*** Block opens ***

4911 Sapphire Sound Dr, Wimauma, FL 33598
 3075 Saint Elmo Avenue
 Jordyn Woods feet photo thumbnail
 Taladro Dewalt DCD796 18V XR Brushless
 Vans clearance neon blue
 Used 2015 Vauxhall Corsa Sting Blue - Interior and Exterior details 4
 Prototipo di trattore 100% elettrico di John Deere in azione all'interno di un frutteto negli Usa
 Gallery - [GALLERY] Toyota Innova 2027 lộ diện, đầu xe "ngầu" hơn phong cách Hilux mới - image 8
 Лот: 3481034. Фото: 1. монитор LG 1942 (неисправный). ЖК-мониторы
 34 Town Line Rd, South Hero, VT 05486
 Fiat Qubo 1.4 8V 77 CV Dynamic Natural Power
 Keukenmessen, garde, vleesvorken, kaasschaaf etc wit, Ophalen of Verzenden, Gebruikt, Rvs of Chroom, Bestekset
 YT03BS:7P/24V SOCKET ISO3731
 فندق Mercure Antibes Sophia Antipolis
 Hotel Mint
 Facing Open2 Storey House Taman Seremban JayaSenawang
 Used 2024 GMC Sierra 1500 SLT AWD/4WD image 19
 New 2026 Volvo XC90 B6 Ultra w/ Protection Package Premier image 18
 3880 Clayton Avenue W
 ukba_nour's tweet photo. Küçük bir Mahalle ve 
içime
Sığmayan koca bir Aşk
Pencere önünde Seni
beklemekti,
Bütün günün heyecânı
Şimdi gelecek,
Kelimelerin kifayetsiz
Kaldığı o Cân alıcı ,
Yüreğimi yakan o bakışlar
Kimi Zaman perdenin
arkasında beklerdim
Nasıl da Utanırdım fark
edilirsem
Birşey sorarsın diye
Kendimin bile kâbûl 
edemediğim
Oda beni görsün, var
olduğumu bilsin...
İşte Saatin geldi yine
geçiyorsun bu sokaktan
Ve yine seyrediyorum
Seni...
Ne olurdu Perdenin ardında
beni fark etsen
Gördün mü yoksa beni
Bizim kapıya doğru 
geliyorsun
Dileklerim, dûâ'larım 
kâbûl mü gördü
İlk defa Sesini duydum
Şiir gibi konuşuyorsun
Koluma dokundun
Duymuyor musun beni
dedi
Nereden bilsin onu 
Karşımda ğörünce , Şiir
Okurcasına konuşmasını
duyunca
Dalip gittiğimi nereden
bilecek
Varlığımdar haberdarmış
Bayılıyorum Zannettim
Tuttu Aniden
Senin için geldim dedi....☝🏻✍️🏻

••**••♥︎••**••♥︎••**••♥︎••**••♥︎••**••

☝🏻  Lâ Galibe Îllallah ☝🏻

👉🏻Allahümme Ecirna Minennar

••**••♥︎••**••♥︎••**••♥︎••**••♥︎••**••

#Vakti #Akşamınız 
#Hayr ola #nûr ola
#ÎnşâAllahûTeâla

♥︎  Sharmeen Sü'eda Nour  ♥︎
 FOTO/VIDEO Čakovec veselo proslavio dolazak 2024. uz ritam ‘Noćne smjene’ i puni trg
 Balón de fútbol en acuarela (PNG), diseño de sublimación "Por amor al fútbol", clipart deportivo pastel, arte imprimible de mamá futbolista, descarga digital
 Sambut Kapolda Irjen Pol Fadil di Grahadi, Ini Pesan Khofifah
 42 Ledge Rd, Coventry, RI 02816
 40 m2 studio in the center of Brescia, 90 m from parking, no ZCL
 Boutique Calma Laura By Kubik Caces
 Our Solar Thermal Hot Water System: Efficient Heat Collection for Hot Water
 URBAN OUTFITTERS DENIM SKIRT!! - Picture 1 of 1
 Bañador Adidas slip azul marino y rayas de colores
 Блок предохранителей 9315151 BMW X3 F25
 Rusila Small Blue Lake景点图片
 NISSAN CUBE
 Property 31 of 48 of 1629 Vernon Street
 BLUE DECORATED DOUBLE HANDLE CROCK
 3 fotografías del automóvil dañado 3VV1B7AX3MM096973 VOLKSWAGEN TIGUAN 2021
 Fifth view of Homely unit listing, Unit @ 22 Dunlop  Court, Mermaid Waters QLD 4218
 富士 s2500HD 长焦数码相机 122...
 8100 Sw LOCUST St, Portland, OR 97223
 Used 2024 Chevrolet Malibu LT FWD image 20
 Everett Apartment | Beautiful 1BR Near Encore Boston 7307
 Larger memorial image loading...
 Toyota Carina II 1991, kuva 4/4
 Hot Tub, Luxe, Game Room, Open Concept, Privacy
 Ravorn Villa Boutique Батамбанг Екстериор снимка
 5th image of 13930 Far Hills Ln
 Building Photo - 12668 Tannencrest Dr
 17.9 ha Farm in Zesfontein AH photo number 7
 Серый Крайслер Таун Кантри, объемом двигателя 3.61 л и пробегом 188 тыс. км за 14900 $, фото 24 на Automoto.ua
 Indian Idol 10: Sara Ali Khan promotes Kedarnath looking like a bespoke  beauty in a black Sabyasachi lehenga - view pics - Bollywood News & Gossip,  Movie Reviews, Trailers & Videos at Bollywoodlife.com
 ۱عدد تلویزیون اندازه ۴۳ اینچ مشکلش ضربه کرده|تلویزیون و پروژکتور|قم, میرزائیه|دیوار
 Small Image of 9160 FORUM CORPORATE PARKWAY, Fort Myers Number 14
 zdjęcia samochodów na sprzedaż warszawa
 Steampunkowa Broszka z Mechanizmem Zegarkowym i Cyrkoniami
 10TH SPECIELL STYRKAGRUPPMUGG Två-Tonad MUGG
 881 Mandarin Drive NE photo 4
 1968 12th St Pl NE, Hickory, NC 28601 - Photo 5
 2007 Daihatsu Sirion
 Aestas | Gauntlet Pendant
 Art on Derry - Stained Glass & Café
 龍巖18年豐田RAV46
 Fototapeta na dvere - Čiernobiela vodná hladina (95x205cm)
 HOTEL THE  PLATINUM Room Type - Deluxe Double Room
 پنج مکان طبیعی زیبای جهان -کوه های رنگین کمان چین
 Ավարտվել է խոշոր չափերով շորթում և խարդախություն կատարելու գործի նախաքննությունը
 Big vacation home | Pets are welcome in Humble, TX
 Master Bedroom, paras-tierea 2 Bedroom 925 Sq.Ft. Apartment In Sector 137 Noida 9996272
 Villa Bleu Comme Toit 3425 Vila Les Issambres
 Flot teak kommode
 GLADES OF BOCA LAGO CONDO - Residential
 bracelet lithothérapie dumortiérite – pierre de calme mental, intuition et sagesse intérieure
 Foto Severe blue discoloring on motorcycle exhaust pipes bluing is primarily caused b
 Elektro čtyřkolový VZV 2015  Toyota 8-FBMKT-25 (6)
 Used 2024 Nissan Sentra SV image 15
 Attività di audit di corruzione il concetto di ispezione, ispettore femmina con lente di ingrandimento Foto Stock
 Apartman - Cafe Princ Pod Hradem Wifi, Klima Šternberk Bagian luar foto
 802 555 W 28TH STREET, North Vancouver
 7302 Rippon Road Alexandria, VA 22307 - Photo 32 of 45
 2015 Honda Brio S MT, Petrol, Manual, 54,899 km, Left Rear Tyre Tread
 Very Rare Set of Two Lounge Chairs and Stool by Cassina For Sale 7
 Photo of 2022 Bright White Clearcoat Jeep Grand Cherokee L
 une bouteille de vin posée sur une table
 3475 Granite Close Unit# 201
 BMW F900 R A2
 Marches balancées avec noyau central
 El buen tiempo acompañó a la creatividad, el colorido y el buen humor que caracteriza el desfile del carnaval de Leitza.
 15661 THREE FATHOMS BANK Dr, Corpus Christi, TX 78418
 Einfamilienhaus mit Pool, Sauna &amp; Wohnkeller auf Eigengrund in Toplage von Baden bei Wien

*** Block closes ***

Activity.
From the data above, output every line exactly.

Answer.
4911 Sapphire Sound Dr, Wimauma, FL 33598
 3075 Saint Elmo Avenue
 Jordyn Woods feet photo thumbnail
 Taladro Dewalt DCD796 18V XR Brushless
 Vans clearance neon blue
 Used 2015 Vauxhall Corsa Sting Blue - Interior and Exterior details 4
 Prototipo di trattore 100% elettrico di John Deere in azione all'interno di un frutteto negli Usa
 Gallery - [GALLERY] Toyota Innova 2027 lộ diện, đầu xe "ngầu" hơn phong cách Hilux mới - image 8
 Лот: 3481034. Фото: 1. монитор LG 1942 (неисправный). ЖК-мониторы
 34 Town Line Rd, South Hero, VT 05486
 Fiat Qubo 1.4 8V 77 CV Dynamic Natural Power
 Keukenmessen, garde, vleesvorken, kaasschaaf etc wit, Ophalen of Verzenden, Gebruikt, Rvs of Chroom, Bestekset
 YT03BS:7P/24V SOCKET ISO3731
 فندق Mercure Antibes Sophia Antipolis
 Hotel Mint
 Facing Open2 Storey House Taman Seremban JayaSenawang
 Used 2024 GMC Sierra 1500 SLT AWD/4WD image 19
 New 2026 Volvo XC90 B6 Ultra w/ Protection Package Premier image 18
 3880 Clayton Avenue W
 ukba_nour's tweet photo. Küçük bir Mahalle ve 
içime
Sığmayan koca bir Aşk
Pencere önünde Seni
beklemekti,
Bütün günün heyecânı
Şimdi gelecek,
Kelimelerin kifayetsiz
Kaldığı o Cân alıcı ,
Yüreğimi yakan o bakışlar
Kimi Zaman perdenin
arkasında beklerdim
Nasıl da Utanırdım fark
edilirsem
Birşey sorarsın diye
Kendimin bile kâbûl 
edemediğim
Oda beni görsün, var
olduğumu bilsin...
İşte Saatin geldi yine
geçiyorsun bu sokaktan
Ve yine seyrediyorum
Seni...
Ne olurdu Perdenin ardında
beni fark etsen
Gördün mü yoksa beni
Bizim kapıya doğru 
geliyorsun
Dileklerim, dûâ'larım 
kâbûl mü gördü
İlk defa Sesini duydum
Şiir gibi konuşuyorsun
Koluma dokundun
Duymuyor musun beni
dedi
Nereden bilsin onu 
Karşımda ğörünce , Şiir
Okurcasına konuşmasını
duyunca
Dalip gittiğimi nereden
bilecek
Varlığımdar haberdarmış
Bayılıyorum Zannettim
Tuttu Aniden
Senin için geldim dedi....☝🏻✍️🏻

••**••♥︎••**••♥︎••**••♥︎••**••♥︎••**••

☝🏻  Lâ Galibe Îllallah ☝🏻

👉🏻Allahümme Ecirna Minennar

••**••♥︎••**••♥︎••**••♥︎••**••♥︎••**••

#Vakti #Akşamınız 
#Hayr ola #nûr ola
#ÎnşâAllahûTeâla

♥︎  Sharmeen Sü'eda Nour  ♥︎
 FOTO/VIDEO Čakovec veselo proslavio dolazak 2024. uz ritam ‘Noćne smjene’ i puni trg
 Balón de fútbol en acuarela (PNG), diseño de sublimación "Por amor al fútbol", clipart deportivo pastel, arte imprimible de mamá futbolista, descarga digital
 Sambut Kapolda Irjen Pol Fadil di Grahadi, Ini Pesan Khofifah
 42 Ledge Rd, Coventry, RI 02816
 40 m2 studio in the center of Brescia, 90 m from parking, no ZCL
 Boutique Calma Laura By Kubik Caces
 Our Solar Thermal Hot Water System: Efficient Heat Collection for Hot Water
 URBAN OUTFITTERS DENIM SKIRT!! - Picture 1 of 1
 Bañador Adidas slip azul marino y rayas de colores
 Блок предохранителей 9315151 BMW X3 F25
 Rusila Small Blue Lake景点图片
 NISSAN CUBE
 Property 31 of 48 of 1629 Vernon Street
 BLUE DECORATED DOUBLE HANDLE CROCK
 3 fotografías del automóvil dañado 3VV1B7AX3MM096973 VOLKSWAGEN TIGUAN 2021
 Fifth view of Homely unit listing, Unit @ 22 Dunlop  Court, Mermaid Waters QLD 4218
 富士 s2500HD 长焦数码相机 122...
 8100 Sw LOCUST St, Portland, OR 97223
 Used 2024 Chevrolet Malibu LT FWD image 20
 Everett Apartment | Beautiful 1BR Near Encore Boston 7307
 Larger memorial image loading...
 Toyota Carina II 1991, kuva 4/4
 Hot Tub, Luxe, Game Room, Open Concept, Privacy
 Ravorn Villa Boutique Батамбанг Екстериор снимка
 5th image of 13930 Far Hills Ln
 Building Photo - 12668 Tannencrest Dr
 17.9 ha Farm in Zesfontein AH photo number 7
 Серый Крайслер Таун Кантри, объемом двигателя 3.61 л и пробегом 188 тыс. км за 14900 $, фото 24 на Automoto.ua
 Indian Idol 10: Sara Ali Khan promotes Kedarnath looking like a bespoke  beauty in a black Sabyasachi lehenga - view pics - Bollywood News & Gossip,  Movie Reviews, Trailers & Videos at Bollywoodlife.com
 ۱عدد تلویزیون اندازه ۴۳ اینچ مشکلش ضربه کرده|تلویزیون و پروژکتور|قم, میرزائیه|دیوار
 Small Image of 9160 FORUM CORPORATE PARKWAY, Fort Myers Number 14
 zdjęcia samochodów na sprzedaż warszawa
 Steampunkowa Broszka z Mechanizmem Zegarkowym i Cyrkoniami
 10TH SPECIELL STYRKAGRUPPMUGG Två-Tonad MUGG
 881 Mandarin Drive NE photo 4
 1968 12th St Pl NE, Hickory, NC 28601 - Photo 5
 2007 Daihatsu Sirion
 Aestas | Gauntlet Pendant
 Art on Derry - Stained Glass & Café
 龍巖18年豐田RAV46
 Fototapeta na dvere - Čiernobiela vodná hladina (95x205cm)
 HOTEL THE  PLATINUM Room Type - Deluxe Double Room
 پنج مکان طبیعی زیبای جهان -کوه های رنگین کمان چین
 Ավարտվել է խոշոր չափերով շորթում և խարդախություն կատարելու գործի նախաքննությունը
 Big vacation home | Pets are welcome in Humble, TX
 Master Bedroom, paras-tierea 2 Bedroom 925 Sq.Ft. Apartment In Sector 137 Noida 9996272
 Villa Bleu Comme Toit 3425 Vila Les Issambres
 Flot teak kommode
 GLADES OF BOCA LAGO CONDO - Residential
 bracelet lithothérapie dumortiérite – pierre de calme mental, intuition et sagesse intérieure
 Foto Severe blue discoloring on motorcycle exhaust pipes bluing is primarily caused b
 Elektro čtyřkolový VZV 2015  Toyota 8-FBMKT-25 (6)
 Used 2024 Nissan Sentra SV image 15
 Attività di audit di corruzione il concetto di ispezione, ispettore femmina con lente di ingrandimento Foto Stock
 Apartman - Cafe Princ Pod Hradem Wifi, Klima Šternberk Bagian luar foto
 802 555 W 28TH STREET, North Vancouver
 7302 Rippon Road Alexandria, VA 22307 - Photo 32 of 45
 2015 Honda Brio S MT, Petrol, Manual, 54,899 km, Left Rear Tyre Tread
 Very Rare Set of Two Lounge Chairs and Stool by Cassina For Sale 7
 Photo of 2022 Bright White Clearcoat Jeep Grand Cherokee L
 une bouteille de vin posée sur une table
 3475 Granite Close Unit# 201
 BMW F900 R A2
 Marches balancées avec noyau central
 El buen tiempo acompañó a la creatividad, el colorido y el buen humor que caracteriza el desfile del carnaval de Leitza.
 15661 THREE FATHOMS BANK Dr, Corpus Christi, TX 78418
 Einfamilienhaus mit Pool, Sauna &amp; Wohnkeller auf Eigengrund in Toplage von Baden bei Wien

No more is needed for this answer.